↓

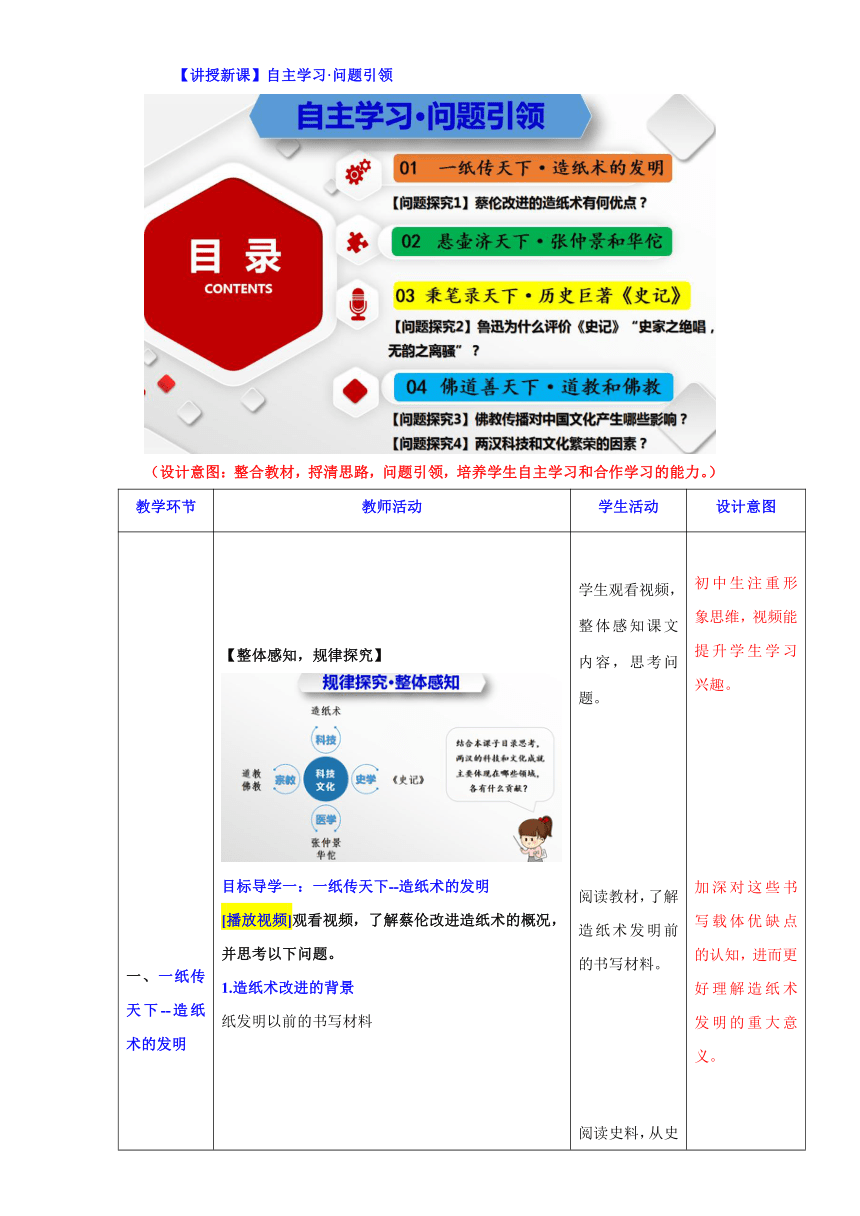 七年级历史上册（部编版）第15课两汉的科技和文化  教学设计（表格式）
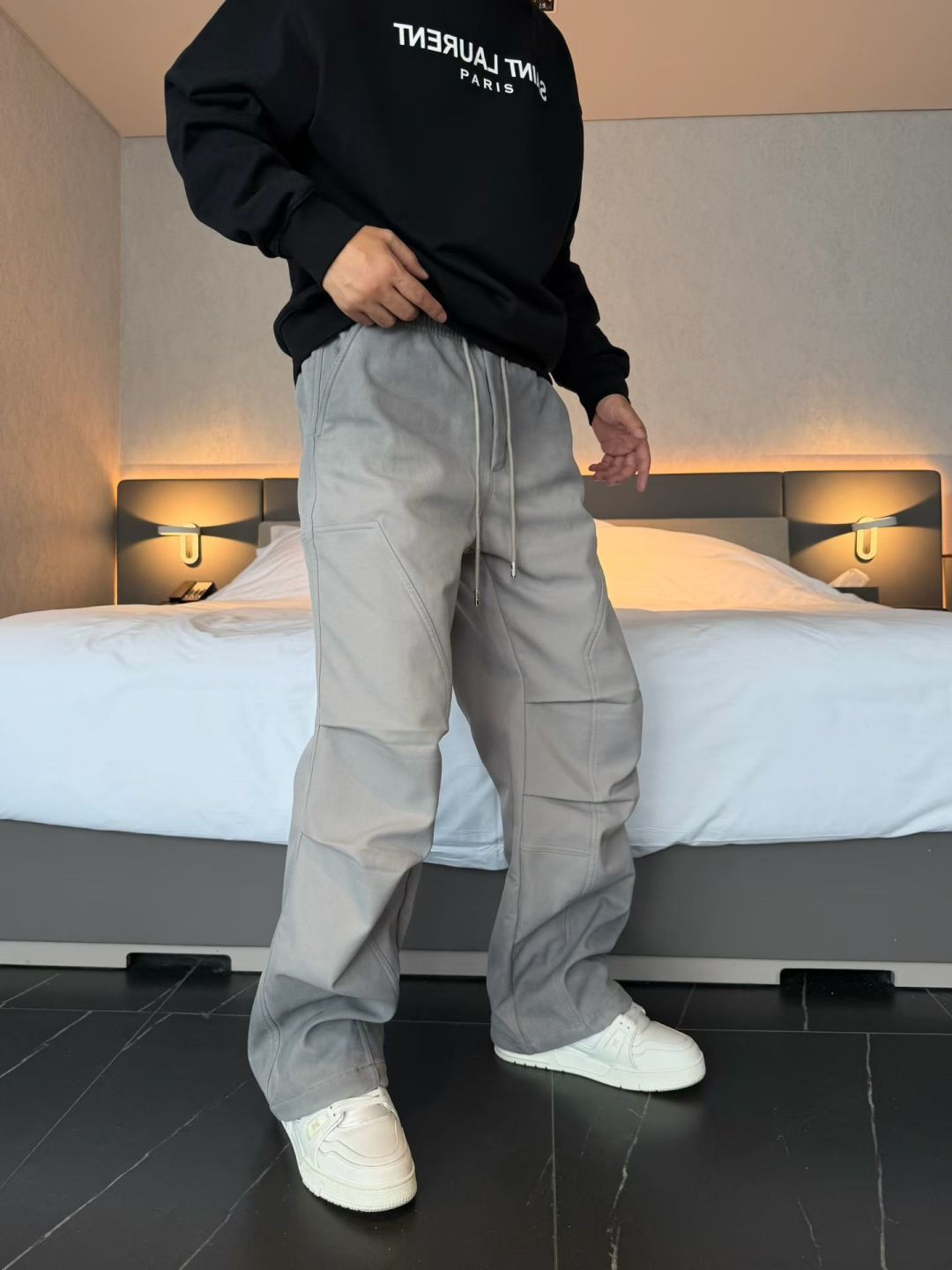 新款秋冬加绒裤子[庆祝][庆祝]码数：M-3xL颜色：黑，灰款号：5068-H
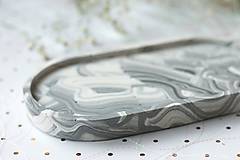 Nádoby - Oválna tácka/ svietnik/ podnos | Jesmonite | marble sivý - 15192960_
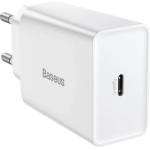 Baseus Мрежово зарядно устройство Baseus Speed Mini 1C, 20W, 1 x Type-C F, Бял - 40414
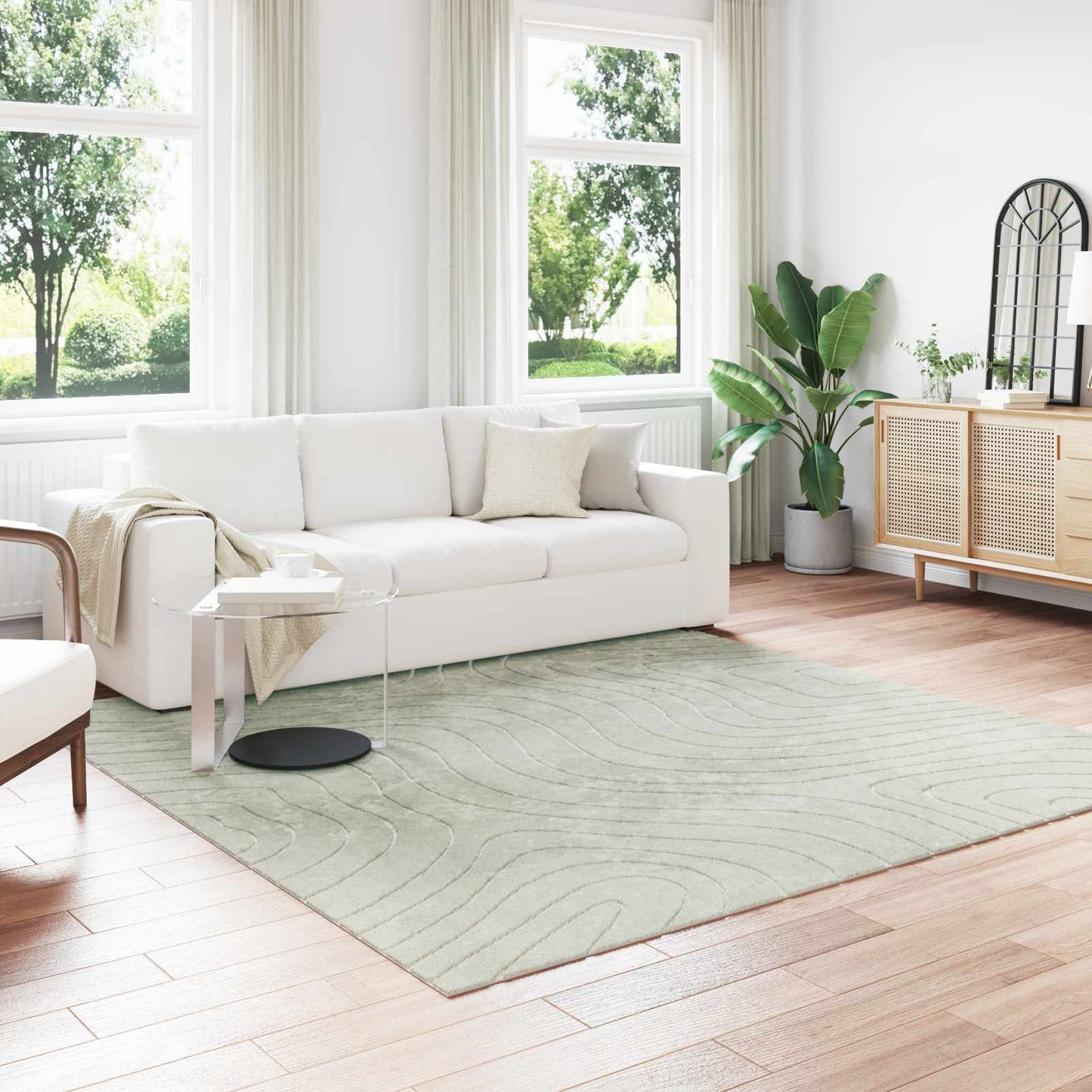Indendørs og udendørs tæppe PALMERAS Grøn 240 x 240 cm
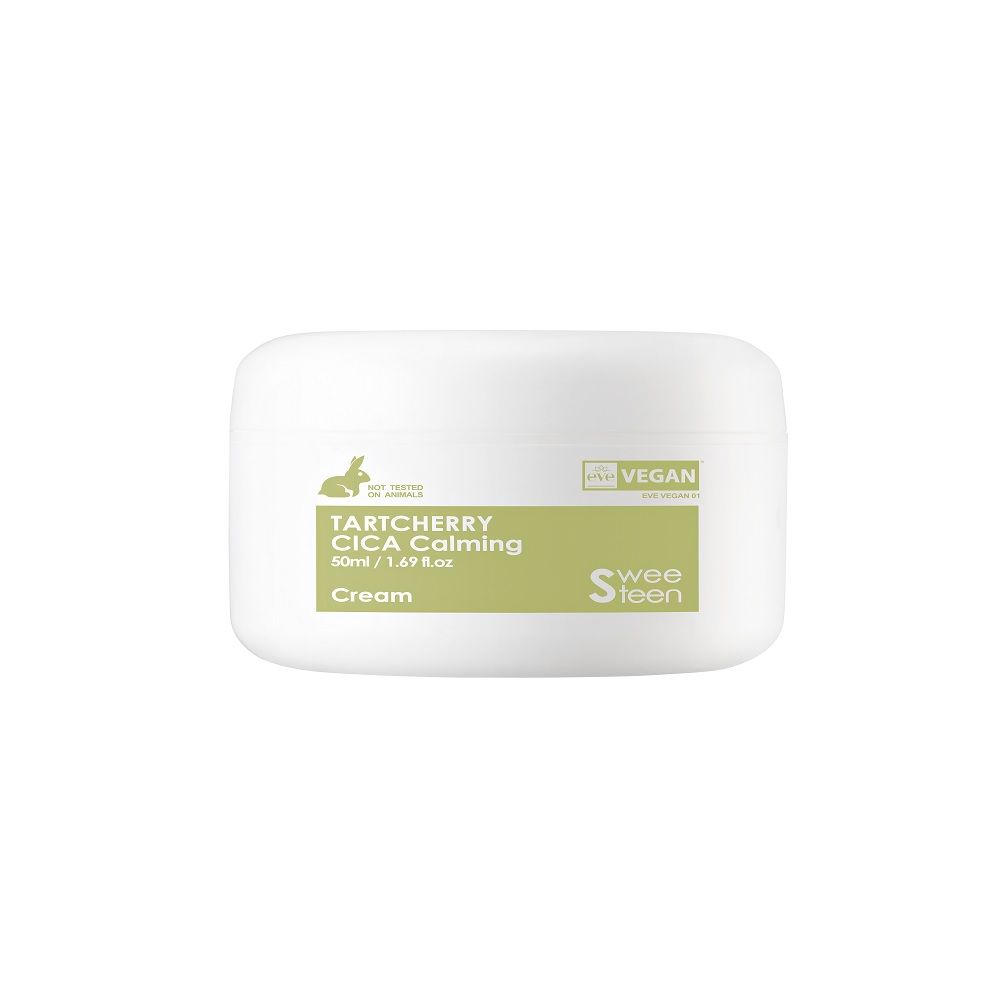 SWEETEEN Tart Cherry Cica Calming Cream 50ml Soothing Hydrating Vegan Daily Facial Moisturizer _ Made in Korea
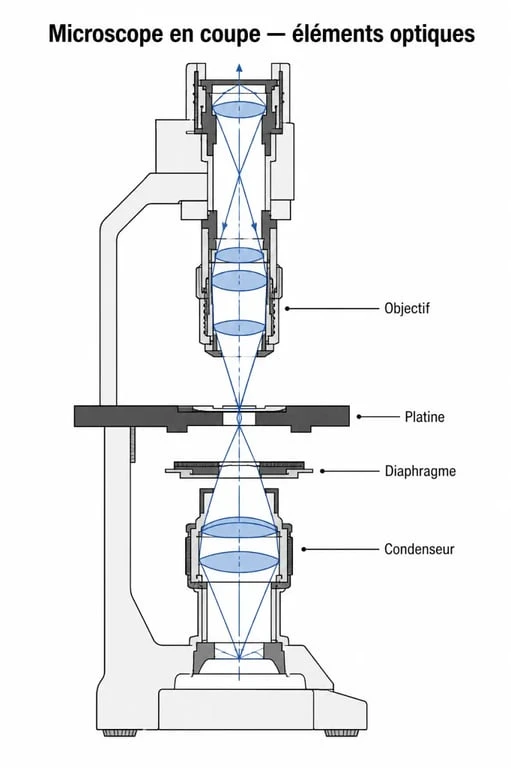 Schéma du diaphragme du microscope avec repérage du condenseur, de l’objectif et de la platine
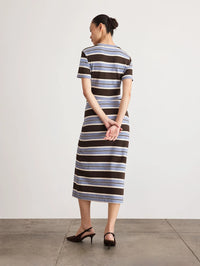 Short Sleeve Cody Dress in Dark Fig/Winter Sky/Cream Multi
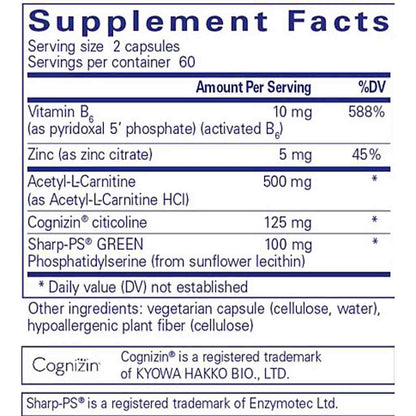 Supplement facts label with various nutrients and their amounts per serving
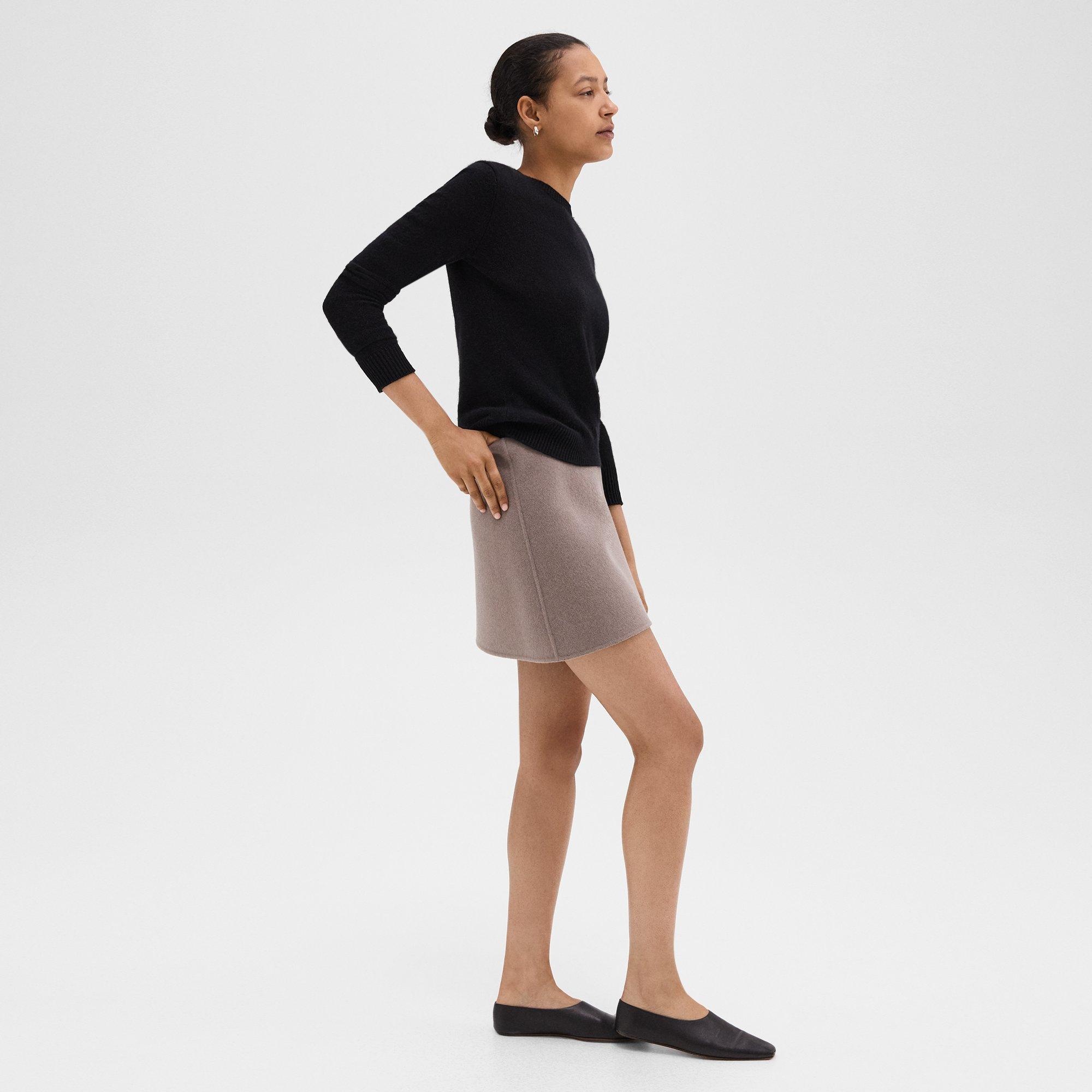 High-Waist Mini Skirt in Double-Face Wool-Cashmere - 3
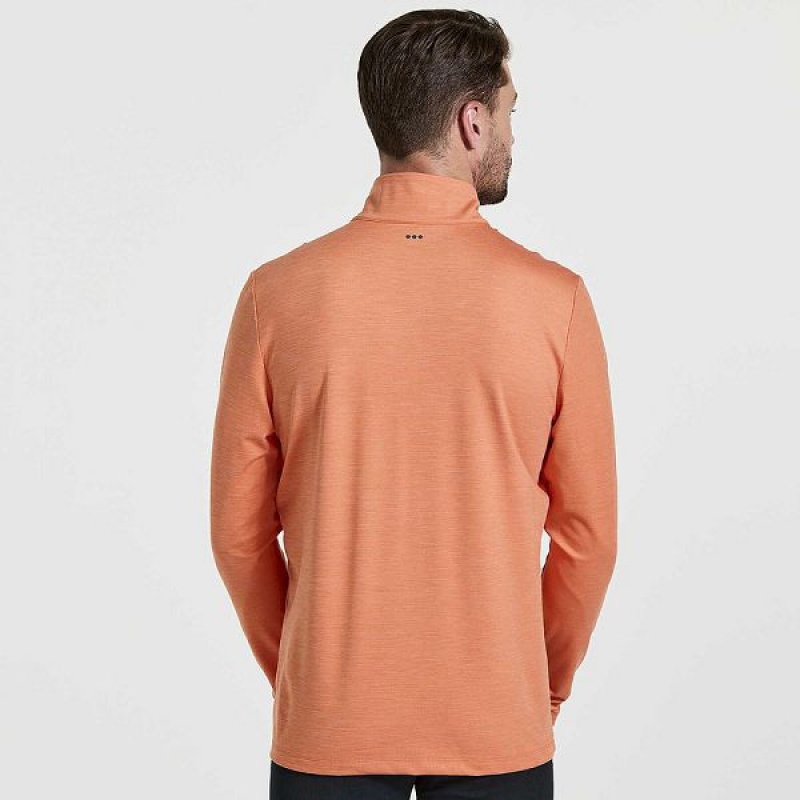 Men's Saucony Solstice 1/4 Zip Tops Orange | WAMNPHZ-73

↑

- **Task prompt**:
Print only the lines from the opening line of the listing to the line containing "Short Sleeve Cody", inclusive, exactly as they appear and without pictures.

- **Answer to the problem**:
 七年级历史上册（部编版）第15课两汉的科技和文化  教学设计（表格式）
 新款秋冬加绒裤子[庆祝][庆祝]码数：M-3xL颜色：黑，灰款号：5068-H
 Nádoby - Oválna tácka/ svietnik/ podnos | Jesmonite | marble sivý - 15192960_
 Baseus Мрежово зарядно устройство Baseus Speed Mini 1C, 20W, 1 x Type-C F, Бял - 40414
Indendørs og udendørs tæppe PALMERAS Grøn 240 x 240 cm
 SWEETEEN Tart Cherry Cica Calming Cream 50ml Soothing Hydrating Vegan Daily Facial Moisturizer _ Made in Korea
 Schéma du diaphragme du microscope avec repérage du condenseur, de l’objectif et de la platine
 Short Sleeve Cody Dress in Dark Fig/Winter Sky/Cream Multi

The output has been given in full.